After the tank control experiments I was excited to work on map generation again. I had high hopes and lots of ideas. I fell into a rabbit hole, fixing many bugs with the map boundary, and then after I got out of the rabbit hole … I had lost the desire to work on map features. Unfortunately this happens to me a lot.
So I've kind of been aimless since then. I decided to try the spaceship flyer again, but this time I wanted to try putting it into a game loop, so I made a little game. This led me to another distraction, learning about modern keyboard events. The keyboard events used to have some incompatibilities between browsers but they seem to be much better now. That gave me an idea: since browsers now provide both keycode and scancode, can I use that to "discover" the WASD equivalent on different keyboards? I tried that. It works, but I can get that data only after someone types a key. Would it be nice to get the layout without requiring typing? Well, Chrome has it but it turns out it can be used for "fingerprinting", which is used to track people on the web. So Firefox and Safari both said no, they don't want to add an API that would get used for fingerprinting. Brave blocked it even thought they use Chrome code underneath. But I think it'd be reasonable in the game setup/tutorial to ask someone to move around with WASD and then see what scancodes come up, and use that as the initial key bindings.

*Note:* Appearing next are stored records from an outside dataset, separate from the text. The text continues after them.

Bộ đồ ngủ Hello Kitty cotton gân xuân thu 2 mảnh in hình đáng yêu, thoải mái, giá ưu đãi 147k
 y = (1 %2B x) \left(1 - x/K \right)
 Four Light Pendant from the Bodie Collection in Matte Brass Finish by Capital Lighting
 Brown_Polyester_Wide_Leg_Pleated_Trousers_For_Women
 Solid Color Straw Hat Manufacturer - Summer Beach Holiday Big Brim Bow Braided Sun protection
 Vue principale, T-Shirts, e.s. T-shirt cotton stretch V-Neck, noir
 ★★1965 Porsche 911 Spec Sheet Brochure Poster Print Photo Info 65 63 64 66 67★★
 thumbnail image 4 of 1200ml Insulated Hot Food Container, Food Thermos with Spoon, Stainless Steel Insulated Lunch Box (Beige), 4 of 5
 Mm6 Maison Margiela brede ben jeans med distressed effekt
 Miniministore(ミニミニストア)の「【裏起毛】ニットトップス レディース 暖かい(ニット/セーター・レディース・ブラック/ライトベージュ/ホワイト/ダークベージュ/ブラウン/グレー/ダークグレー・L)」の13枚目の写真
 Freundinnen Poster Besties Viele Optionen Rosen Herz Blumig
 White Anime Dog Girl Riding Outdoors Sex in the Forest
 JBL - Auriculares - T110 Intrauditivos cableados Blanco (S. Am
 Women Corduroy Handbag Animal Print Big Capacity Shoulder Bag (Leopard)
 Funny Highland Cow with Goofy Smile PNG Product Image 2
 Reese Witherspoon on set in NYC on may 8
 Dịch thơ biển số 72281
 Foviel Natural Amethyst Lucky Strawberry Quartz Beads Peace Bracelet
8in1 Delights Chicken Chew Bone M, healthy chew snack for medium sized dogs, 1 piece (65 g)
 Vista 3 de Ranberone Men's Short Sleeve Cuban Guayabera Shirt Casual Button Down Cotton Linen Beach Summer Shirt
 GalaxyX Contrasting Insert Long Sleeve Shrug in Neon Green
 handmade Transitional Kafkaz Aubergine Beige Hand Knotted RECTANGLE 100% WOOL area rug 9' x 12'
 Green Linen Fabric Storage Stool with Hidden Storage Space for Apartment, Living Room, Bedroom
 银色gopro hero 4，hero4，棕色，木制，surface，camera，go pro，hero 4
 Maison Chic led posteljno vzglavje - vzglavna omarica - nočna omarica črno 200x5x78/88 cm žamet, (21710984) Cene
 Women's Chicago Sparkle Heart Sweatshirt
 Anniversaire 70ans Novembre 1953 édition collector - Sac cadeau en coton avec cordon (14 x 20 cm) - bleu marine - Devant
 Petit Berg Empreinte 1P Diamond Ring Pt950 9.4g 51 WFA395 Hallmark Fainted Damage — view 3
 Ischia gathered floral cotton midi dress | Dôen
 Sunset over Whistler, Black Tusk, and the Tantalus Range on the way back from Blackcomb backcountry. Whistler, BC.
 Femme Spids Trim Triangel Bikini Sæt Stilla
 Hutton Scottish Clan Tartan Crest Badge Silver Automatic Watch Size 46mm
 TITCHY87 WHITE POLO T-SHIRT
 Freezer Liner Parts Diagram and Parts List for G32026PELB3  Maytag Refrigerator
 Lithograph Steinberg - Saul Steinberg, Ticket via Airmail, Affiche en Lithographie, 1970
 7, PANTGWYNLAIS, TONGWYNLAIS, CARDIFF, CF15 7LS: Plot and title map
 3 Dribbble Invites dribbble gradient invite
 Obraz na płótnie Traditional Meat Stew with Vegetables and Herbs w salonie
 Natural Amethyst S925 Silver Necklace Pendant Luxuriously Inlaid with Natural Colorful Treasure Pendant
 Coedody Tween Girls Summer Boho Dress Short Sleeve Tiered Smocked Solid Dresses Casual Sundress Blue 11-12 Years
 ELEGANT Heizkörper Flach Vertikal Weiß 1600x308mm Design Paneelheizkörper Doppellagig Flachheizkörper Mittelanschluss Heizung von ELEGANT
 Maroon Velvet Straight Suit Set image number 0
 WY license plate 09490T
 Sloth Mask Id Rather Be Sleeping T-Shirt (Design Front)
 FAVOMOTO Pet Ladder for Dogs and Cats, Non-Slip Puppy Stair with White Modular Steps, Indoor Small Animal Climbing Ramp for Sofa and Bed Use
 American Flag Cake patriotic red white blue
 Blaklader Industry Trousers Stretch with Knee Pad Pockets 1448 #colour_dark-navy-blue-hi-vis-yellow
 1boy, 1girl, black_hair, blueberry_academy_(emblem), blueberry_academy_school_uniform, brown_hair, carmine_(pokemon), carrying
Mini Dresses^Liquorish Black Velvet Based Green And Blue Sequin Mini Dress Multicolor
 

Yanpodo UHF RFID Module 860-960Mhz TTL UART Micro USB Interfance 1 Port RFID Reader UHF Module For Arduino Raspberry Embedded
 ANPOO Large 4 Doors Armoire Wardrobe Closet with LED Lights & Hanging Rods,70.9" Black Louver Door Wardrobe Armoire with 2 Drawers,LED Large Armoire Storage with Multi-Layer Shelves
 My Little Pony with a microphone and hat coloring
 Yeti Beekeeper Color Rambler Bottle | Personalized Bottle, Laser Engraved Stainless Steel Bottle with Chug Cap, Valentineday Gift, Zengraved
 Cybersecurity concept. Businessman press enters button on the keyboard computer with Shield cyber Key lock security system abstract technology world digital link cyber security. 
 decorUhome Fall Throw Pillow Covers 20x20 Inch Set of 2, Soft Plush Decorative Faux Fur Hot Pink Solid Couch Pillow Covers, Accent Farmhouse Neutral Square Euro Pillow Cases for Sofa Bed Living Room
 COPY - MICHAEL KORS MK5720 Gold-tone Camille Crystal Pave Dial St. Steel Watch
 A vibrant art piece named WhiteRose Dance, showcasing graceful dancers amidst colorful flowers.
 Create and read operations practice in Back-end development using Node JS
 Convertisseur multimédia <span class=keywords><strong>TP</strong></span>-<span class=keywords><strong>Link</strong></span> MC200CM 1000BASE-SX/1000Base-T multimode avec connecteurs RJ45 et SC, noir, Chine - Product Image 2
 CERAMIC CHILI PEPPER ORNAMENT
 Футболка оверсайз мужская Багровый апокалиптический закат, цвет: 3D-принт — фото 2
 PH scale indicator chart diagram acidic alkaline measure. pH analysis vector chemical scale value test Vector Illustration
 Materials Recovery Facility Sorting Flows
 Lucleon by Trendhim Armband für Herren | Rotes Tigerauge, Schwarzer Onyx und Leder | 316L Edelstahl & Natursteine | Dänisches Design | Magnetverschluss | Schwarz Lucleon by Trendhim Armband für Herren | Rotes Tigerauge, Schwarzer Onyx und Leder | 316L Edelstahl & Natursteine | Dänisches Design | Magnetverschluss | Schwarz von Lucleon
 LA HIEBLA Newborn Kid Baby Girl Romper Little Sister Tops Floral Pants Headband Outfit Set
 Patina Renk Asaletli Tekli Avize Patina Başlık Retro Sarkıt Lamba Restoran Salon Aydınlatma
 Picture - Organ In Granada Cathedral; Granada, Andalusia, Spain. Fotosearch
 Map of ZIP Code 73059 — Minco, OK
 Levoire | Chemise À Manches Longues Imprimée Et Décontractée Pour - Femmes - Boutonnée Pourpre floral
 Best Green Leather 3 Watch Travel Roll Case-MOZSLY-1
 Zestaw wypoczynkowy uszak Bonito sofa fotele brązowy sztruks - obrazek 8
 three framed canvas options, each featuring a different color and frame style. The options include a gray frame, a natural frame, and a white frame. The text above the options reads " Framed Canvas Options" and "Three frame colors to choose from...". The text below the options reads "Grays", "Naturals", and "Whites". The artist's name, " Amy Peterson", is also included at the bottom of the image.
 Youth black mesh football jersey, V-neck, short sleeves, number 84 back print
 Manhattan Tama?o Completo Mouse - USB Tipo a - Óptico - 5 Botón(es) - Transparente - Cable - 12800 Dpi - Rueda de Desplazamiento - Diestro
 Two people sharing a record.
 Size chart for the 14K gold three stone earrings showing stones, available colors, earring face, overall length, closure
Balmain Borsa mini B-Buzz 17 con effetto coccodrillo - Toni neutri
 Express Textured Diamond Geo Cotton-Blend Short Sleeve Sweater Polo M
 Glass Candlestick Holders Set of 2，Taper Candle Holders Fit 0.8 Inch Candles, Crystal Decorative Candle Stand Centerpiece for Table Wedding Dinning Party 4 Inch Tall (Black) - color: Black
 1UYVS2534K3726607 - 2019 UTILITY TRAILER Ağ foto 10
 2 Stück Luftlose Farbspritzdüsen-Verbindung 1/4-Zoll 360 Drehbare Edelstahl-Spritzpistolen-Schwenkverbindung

But … the keyboard stuff was all a distraction. I learned a bit, but I didn't make a lot of progress on the spaceship flyer. After I got out of the rabbit hole, I had lost the desire to work on that project.
Fortunately something came along. Every year, the Reddit r/roguelikedev community has an event to make a roguelike. This year I decided to make a colony simulator. I'm using some of the code from the spaceship & keyboard projects, so those didn't go to waste. I'm hoping the structure of the community project will help me stay motivated for the six weeks. But I don't plan to continue after that. I will look for another project.
Labels: project
Isn't the point of scancodes that you can hard code the scancode values and it will work across layouts? That way, you wouldn't need to prompt the user.
Yes, you can hard code the scancode values, but you can't display the key code in the game UI or tutorials. That's what I was hoping to do.